SUPPLIED INFORMATION:
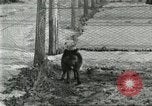 Immagine di Industria Conciaria United States USA, 1930, secondo 40 filmato di repertorio 65675064358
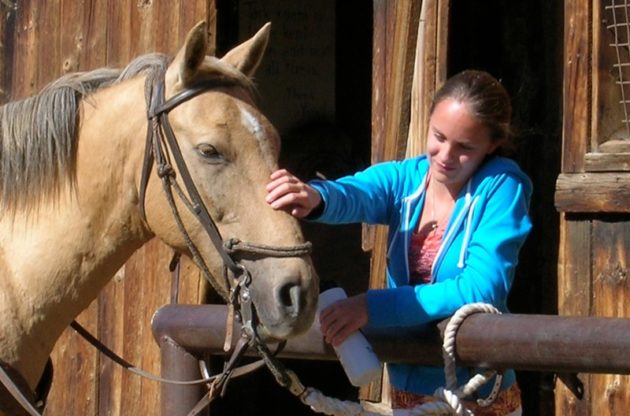 girl petting a light brown horse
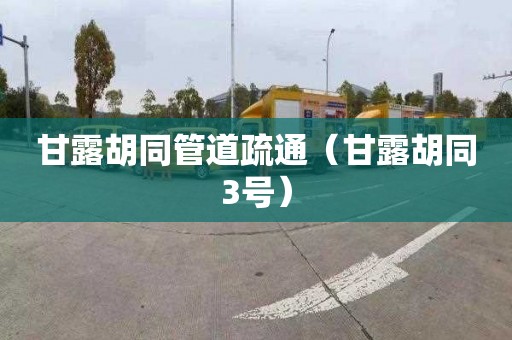 甘露胡同管道疏通（甘露胡同3号）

EXERCISE BRIEF:
Produce a word-for-word version of the material, with no pictures included.

RESPONSE BELOW:
 Immagine di Industria Conciaria United States USA, 1930, secondo 40 filmato di repertorio 65675064358
 girl petting a light brown horse
 甘露胡同管道疏通（甘露胡同3号）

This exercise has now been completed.